Mark Weiser (firstname.lastname@example.org) forwarded a message from Hector Garcia-Molina. Hector, Rafael Alonso, Kai Li, and Richard Lipton have taken leave from Princeton University to start the computer-science research lab. It will eventually have about 40 people, half with doctorates. The university and CS department are supportive, and ITL hopes to initiate joint projects. Early plans were to have one initial project in hardware architecture, another in databases and distributed computing. Open publication is planned.
Mark sees a strong parallel with the Xerox PARC labs. Lab managers ("area managers") are autonomous and can shift direction radically, spend money, get grants, hire, etc., without prior approval. A lab is 30-70 people (Mark's is about 50). The new Japanese-funded labs are all smaller, around 20-30 final size, so perhaps autonomy and lack of defined projects is not unusual.

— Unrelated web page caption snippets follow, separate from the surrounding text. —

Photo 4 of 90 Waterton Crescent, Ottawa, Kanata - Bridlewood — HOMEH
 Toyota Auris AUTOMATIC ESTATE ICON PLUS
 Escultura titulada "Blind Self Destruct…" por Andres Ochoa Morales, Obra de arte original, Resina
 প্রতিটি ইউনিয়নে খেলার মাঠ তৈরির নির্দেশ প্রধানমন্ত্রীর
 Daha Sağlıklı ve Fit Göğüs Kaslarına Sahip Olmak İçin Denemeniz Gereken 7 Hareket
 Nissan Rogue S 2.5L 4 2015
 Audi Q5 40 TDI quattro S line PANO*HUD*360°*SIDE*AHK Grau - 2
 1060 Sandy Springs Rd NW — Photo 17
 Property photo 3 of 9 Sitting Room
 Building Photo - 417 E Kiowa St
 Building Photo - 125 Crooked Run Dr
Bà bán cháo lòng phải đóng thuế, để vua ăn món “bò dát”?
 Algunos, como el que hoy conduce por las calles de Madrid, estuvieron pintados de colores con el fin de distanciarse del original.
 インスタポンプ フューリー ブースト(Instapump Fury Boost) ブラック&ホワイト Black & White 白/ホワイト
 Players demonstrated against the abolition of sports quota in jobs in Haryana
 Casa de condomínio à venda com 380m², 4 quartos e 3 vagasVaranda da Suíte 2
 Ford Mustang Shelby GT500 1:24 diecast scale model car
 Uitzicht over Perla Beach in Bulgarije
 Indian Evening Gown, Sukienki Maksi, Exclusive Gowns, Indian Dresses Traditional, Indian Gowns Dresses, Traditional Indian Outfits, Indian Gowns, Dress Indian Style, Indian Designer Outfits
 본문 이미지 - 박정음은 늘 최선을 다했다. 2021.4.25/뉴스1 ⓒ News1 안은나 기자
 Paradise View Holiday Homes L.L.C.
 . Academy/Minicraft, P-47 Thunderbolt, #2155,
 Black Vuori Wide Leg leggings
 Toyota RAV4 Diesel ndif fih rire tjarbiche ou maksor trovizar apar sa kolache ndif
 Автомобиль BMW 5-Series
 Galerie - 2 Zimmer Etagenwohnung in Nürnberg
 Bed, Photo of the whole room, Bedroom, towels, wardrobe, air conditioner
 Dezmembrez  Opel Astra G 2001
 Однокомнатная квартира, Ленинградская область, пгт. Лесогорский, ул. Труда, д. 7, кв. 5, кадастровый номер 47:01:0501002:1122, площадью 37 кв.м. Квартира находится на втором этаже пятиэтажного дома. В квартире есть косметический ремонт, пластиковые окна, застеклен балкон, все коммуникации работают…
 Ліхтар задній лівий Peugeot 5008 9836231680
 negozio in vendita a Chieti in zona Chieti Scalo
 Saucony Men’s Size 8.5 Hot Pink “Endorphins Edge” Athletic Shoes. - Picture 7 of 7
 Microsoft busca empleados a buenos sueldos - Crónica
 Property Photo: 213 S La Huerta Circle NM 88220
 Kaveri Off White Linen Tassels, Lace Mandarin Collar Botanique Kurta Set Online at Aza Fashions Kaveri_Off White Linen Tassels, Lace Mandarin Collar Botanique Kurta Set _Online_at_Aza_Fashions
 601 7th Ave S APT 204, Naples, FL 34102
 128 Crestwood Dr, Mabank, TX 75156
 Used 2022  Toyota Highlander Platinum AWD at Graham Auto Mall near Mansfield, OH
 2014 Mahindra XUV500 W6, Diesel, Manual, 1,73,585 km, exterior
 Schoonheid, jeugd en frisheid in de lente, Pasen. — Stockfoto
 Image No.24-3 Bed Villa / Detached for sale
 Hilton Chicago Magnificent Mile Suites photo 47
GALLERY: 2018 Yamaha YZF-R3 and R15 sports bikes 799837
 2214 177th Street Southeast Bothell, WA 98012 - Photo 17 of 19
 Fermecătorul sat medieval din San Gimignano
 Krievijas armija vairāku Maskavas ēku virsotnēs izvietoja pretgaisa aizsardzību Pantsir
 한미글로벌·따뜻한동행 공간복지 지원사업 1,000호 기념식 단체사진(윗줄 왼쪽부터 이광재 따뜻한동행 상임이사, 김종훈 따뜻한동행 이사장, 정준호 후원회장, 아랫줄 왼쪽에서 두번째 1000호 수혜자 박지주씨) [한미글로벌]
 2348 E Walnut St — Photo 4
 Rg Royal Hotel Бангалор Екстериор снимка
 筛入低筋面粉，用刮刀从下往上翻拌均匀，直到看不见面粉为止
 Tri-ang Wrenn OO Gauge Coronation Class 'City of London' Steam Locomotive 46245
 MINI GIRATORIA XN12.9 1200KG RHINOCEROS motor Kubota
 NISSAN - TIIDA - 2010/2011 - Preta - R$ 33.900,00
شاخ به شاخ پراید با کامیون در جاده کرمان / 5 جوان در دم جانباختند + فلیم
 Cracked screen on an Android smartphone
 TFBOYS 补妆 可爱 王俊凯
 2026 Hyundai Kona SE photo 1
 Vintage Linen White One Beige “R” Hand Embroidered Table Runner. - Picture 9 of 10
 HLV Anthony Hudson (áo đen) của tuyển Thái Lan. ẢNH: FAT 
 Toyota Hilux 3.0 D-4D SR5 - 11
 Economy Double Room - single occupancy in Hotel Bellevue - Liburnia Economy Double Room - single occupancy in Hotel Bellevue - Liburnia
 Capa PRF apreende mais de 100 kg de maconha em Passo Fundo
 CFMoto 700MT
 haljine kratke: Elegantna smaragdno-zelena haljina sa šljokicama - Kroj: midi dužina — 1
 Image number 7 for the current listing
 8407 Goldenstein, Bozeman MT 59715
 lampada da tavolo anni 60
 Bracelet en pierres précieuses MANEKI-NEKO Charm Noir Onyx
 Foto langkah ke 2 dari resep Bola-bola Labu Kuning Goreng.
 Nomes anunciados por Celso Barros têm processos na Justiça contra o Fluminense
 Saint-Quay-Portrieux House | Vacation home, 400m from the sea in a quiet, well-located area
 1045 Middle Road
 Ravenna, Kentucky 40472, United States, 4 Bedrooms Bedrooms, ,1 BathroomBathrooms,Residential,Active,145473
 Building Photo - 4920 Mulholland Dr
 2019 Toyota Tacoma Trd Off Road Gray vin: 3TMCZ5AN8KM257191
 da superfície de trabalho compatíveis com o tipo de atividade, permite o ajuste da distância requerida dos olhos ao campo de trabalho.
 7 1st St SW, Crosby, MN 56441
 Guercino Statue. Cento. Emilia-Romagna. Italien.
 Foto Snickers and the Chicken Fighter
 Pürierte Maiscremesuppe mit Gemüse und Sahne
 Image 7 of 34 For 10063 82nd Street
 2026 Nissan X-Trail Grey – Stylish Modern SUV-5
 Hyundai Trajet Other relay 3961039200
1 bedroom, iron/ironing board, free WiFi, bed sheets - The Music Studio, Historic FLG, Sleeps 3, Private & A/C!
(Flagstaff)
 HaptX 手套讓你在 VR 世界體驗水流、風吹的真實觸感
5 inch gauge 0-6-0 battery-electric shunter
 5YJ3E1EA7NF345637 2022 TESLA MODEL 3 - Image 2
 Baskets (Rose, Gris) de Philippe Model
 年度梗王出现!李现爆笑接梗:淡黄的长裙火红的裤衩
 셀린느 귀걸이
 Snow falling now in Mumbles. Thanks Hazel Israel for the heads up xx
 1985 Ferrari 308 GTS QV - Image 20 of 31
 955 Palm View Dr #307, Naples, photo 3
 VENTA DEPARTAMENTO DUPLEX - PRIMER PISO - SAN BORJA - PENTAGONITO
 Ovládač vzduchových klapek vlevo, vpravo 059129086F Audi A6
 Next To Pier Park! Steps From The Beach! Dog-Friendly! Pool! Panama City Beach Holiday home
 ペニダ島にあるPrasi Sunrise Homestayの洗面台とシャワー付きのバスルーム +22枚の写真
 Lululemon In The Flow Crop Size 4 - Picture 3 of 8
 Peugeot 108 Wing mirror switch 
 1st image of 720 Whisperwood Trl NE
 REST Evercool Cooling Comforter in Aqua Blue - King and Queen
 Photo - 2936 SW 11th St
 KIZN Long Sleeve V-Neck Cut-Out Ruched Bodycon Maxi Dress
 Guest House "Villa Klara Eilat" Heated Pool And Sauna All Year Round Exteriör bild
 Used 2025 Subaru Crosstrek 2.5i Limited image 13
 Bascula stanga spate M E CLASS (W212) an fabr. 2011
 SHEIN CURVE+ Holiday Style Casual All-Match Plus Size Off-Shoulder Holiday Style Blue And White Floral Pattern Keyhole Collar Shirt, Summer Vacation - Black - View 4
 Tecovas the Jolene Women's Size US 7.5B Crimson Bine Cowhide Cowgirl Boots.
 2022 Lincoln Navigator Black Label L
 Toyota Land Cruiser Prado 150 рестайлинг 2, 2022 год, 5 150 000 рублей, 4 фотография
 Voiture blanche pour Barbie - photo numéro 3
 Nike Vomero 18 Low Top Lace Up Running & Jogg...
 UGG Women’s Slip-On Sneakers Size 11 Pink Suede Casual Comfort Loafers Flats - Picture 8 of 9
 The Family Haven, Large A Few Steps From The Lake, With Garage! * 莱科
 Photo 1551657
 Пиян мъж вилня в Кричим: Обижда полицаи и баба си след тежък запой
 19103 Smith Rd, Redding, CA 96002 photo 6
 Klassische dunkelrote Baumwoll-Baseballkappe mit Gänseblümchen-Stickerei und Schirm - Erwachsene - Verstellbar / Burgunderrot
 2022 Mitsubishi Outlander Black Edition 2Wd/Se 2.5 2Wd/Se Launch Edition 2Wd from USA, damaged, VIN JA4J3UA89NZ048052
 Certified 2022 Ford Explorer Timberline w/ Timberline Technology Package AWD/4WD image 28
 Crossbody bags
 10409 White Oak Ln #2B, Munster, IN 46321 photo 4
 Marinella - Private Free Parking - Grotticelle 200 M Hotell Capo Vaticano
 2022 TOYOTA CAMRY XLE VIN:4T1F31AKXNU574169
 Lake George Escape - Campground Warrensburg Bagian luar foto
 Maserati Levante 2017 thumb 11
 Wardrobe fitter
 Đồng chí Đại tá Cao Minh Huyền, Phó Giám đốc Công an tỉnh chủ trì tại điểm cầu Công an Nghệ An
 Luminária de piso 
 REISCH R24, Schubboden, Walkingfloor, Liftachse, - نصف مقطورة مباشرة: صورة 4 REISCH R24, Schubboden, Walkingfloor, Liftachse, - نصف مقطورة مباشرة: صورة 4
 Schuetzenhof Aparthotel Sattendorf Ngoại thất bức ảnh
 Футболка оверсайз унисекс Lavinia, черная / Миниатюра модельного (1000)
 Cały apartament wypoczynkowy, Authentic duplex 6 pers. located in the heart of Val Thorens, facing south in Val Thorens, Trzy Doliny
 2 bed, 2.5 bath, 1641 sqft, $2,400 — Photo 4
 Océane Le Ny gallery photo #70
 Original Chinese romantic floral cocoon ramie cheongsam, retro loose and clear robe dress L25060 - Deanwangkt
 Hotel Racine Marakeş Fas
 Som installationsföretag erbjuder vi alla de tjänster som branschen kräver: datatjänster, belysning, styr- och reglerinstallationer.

The Japanese have always mined information and technology whenever they could, and they have paid for research by U.S. consulting firms such as SRI. (Often they have the same research done at multiple sites, here and in Japan, to increase the chance of success.) They've now discovered that top scientists are cheaper as employees than as consultants, and have found a way (other than enrolling students) to link with our universities. If they get some patents from this, it is their legitimate due for supporting U.S. researchers.
If there is a problem, it seems to be entirely with the failure of U.S. industry to support similar labs. Our government can't force U.S. industry to be competitive, and industry sees research as a cost rather than a profit center. Why should they support basic research if they can get a better return from investments, then license basic technology from the Japanese?
I'm afraid that much of our problem is optimism. Each company believes that its industry will survive (through protective legislation if necessary), and each believes that it can do as well as its U.S. competitors. Most of our high-tech companies are not aggressive in foreign markets -- partly because of U.S. bans on technology export -- and most are not sufficiently wary of foreign companies taking over the U.S. market.
There is also a personal optimism. Executives from finance and marketing (or from MBA programs) are trained to run any company. If one high-tech company were to fail, or even an industry, the executives would find work elsewhere. There is little personal incentive to ensure the long-term future of a company, whereas there is great pressure to build a good resume (and personal fortune) through short-term maximization.
The good news is that small business is alive and well. Most entrepreneurs have a long-term outlook, identifying strongly with their businesses. The bad news is that entrepreneurs seldom have the capital to hire scientists or to compete in high-tech markets. Perhaps the lesson is that we must work for the Japanese or work for ourselves.